What you should do:
Without copying any picture, transcribe exactly the lines of the data below from the one containing "2520 N 15TH Street" through the one containing "Россия заменила тела".

Information supplied:
============

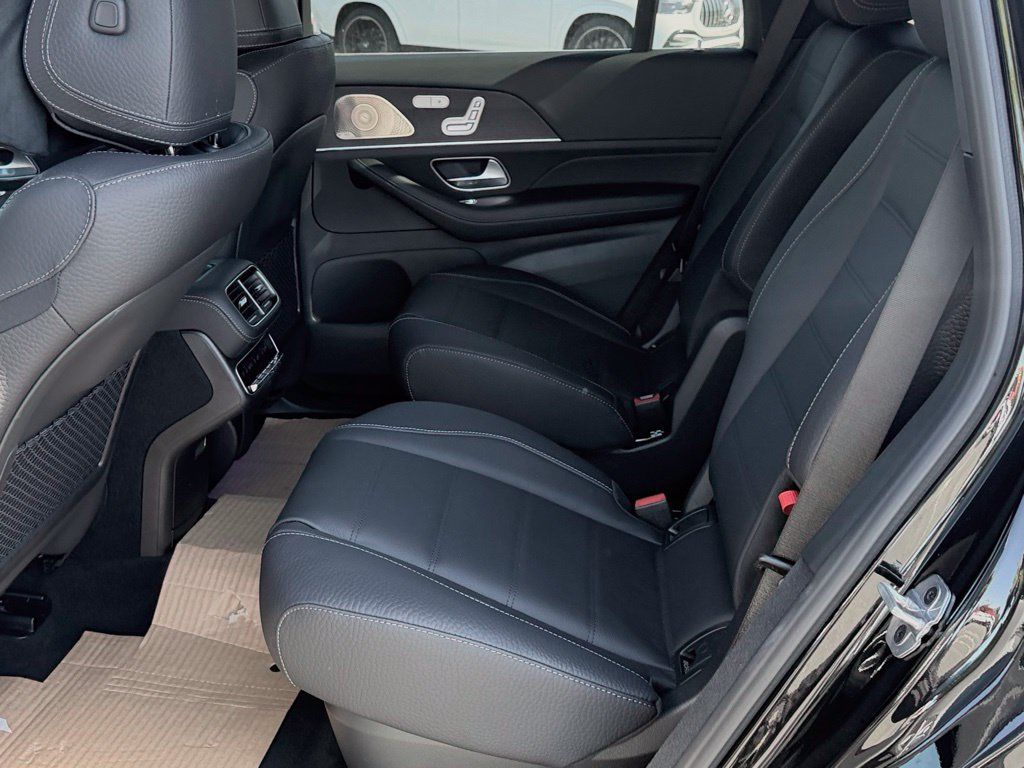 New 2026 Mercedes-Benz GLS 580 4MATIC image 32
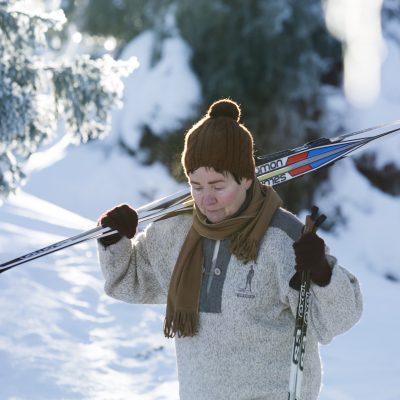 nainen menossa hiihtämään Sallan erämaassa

============

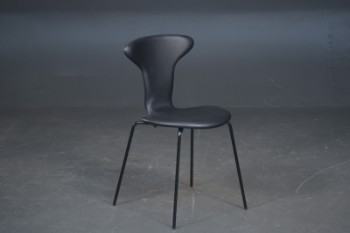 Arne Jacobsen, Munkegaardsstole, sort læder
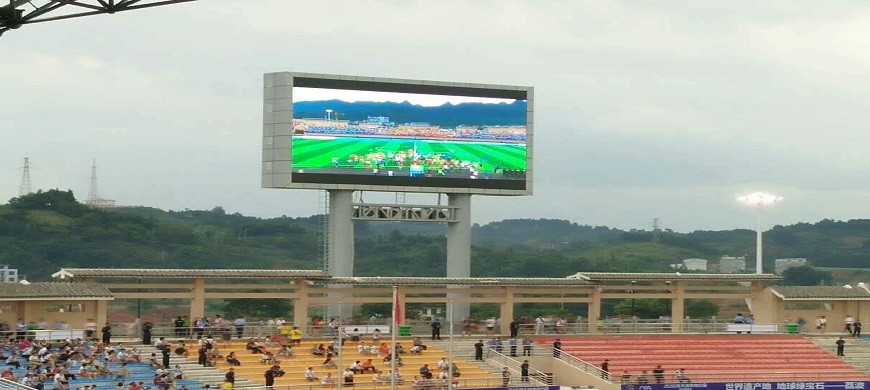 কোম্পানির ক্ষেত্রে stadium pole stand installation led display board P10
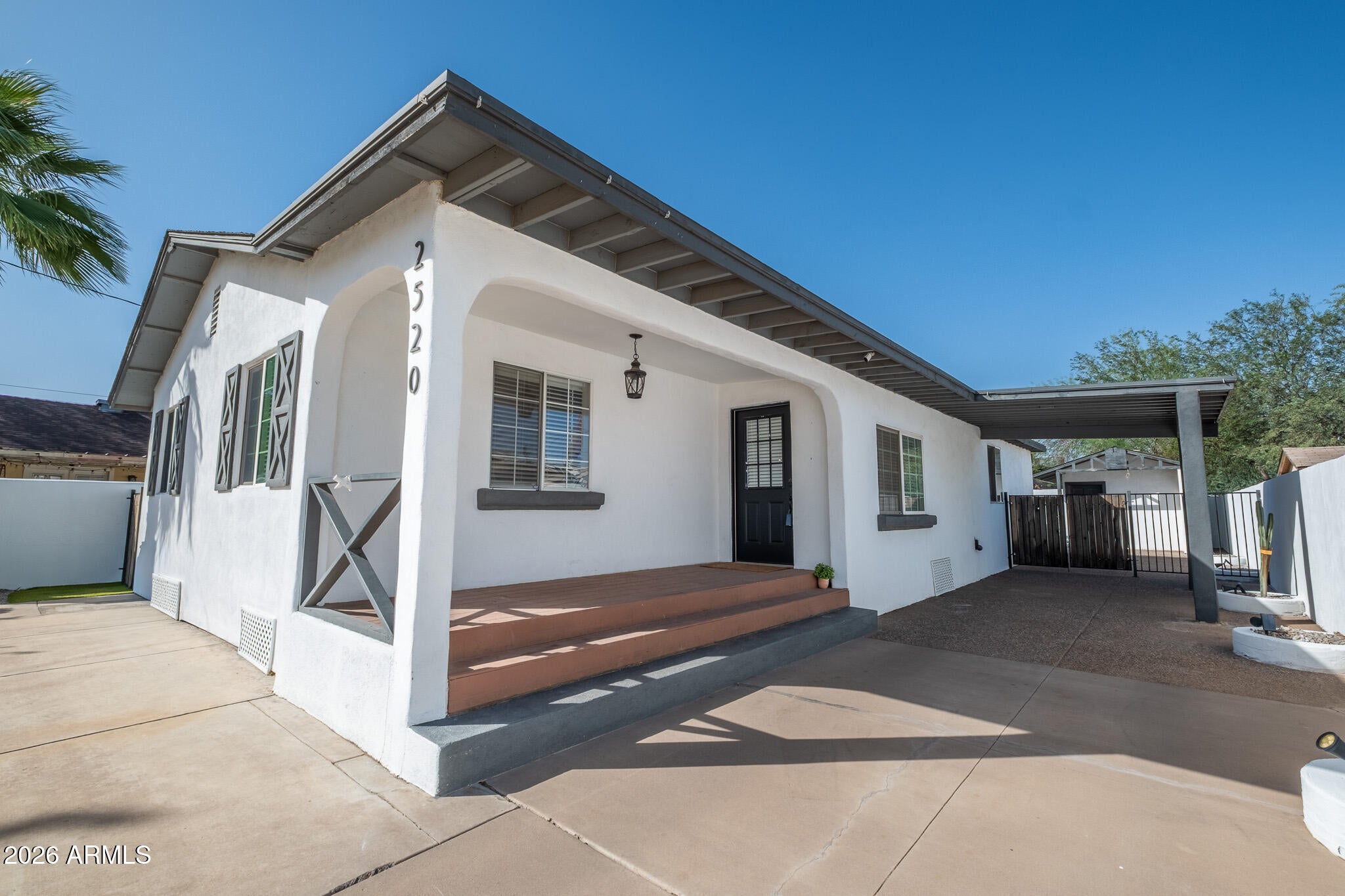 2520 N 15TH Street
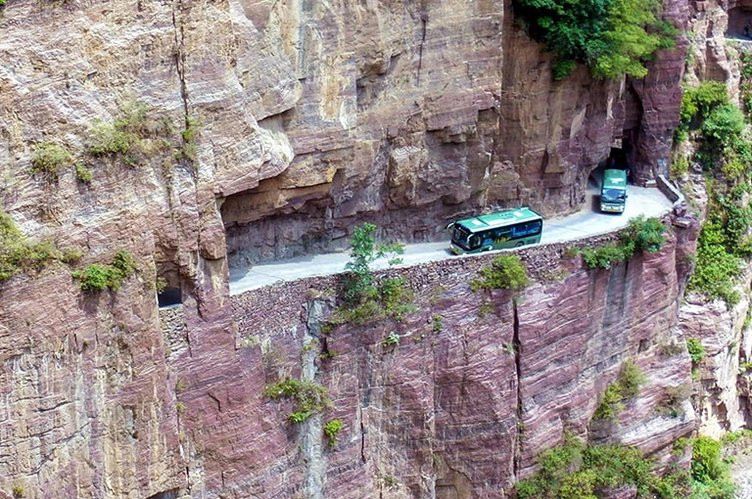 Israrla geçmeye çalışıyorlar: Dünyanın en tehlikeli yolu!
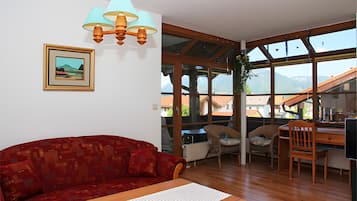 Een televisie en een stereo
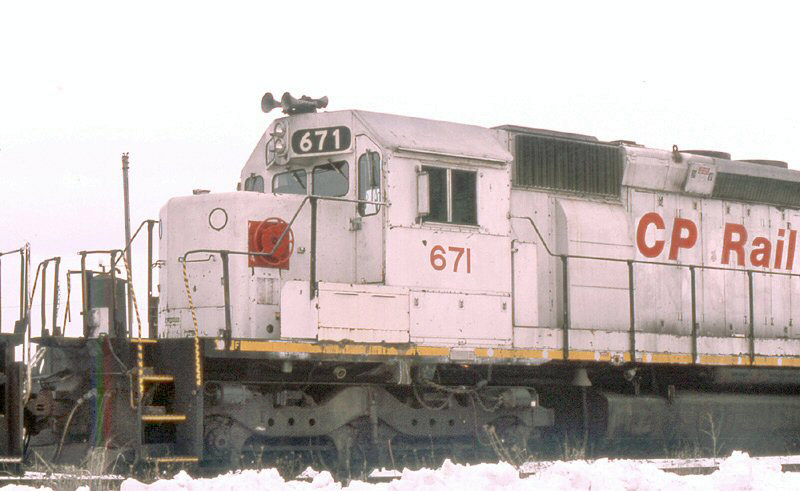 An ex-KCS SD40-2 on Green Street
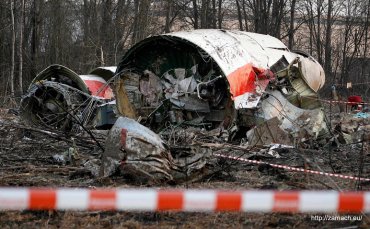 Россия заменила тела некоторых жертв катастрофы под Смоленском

============

Problem solution:
 2520 N 15TH Street
 Israrla geçmeye çalışıyorlar: Dünyanın en tehlikeli yolu!
 Een televisie en een stereo
 An ex-KCS SD40-2 on Green Street
 Россия заменила тела некоторых жертв катастрофы под Смоленском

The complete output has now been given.